* Records:
◇ ◇ ◇ ◇ ◇

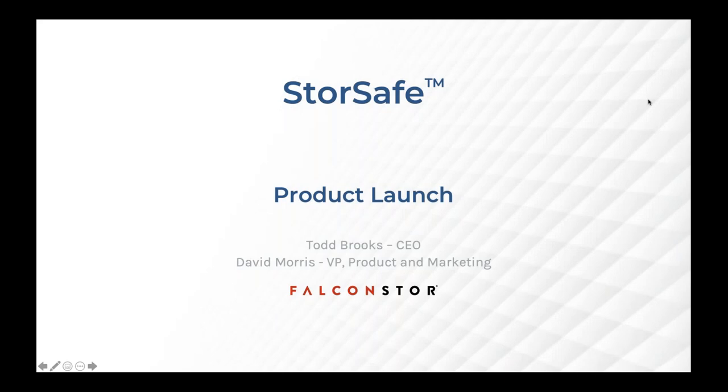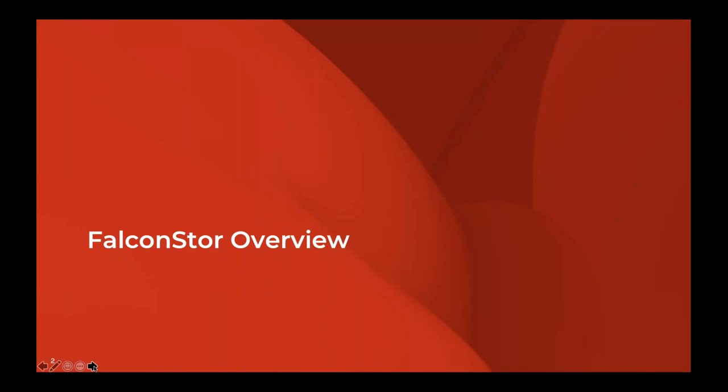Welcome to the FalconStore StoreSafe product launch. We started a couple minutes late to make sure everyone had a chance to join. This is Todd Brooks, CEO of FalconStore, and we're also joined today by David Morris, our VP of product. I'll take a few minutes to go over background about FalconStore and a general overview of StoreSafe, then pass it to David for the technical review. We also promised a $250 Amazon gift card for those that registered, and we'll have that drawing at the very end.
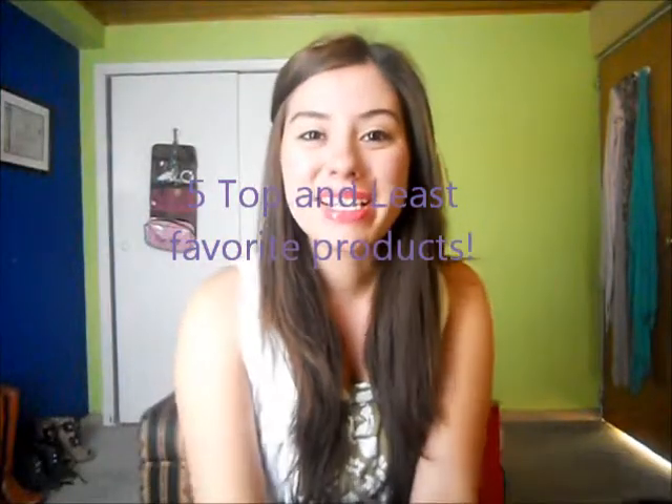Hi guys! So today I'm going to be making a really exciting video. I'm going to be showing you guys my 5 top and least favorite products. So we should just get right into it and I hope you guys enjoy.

◇ ◇ ◇ ◇ ◇

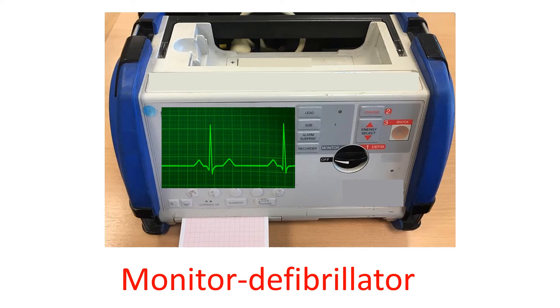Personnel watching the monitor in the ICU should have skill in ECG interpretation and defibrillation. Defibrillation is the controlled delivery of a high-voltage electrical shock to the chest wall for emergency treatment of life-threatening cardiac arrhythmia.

◇ ◇ ◇ ◇ ◇

* Directions for this task: For this task, return exactly the stretch of the listing above from the line with "Welcome to the" through the line with "Hi guys! So", inclusive and without pictures.

* Output:
Welcome to the FalconStore StoreSafe product launch. We started a couple minutes late to make sure everyone had a chance to join. This is Todd Brooks, CEO of FalconStore, and we're also joined today by David Morris, our VP of product. I'll take a few minutes to go over background about FalconStore and a general overview of StoreSafe, then pass it to David for the technical review. We also promised a $250 Amazon gift card for those that registered, and we'll have that drawing at the very end.
Hi guys! So today I'm going to be making a really exciting video. I'm going to be showing you guys my 5 top and least favorite products. So we should just get right into it and I hope you guys enjoy.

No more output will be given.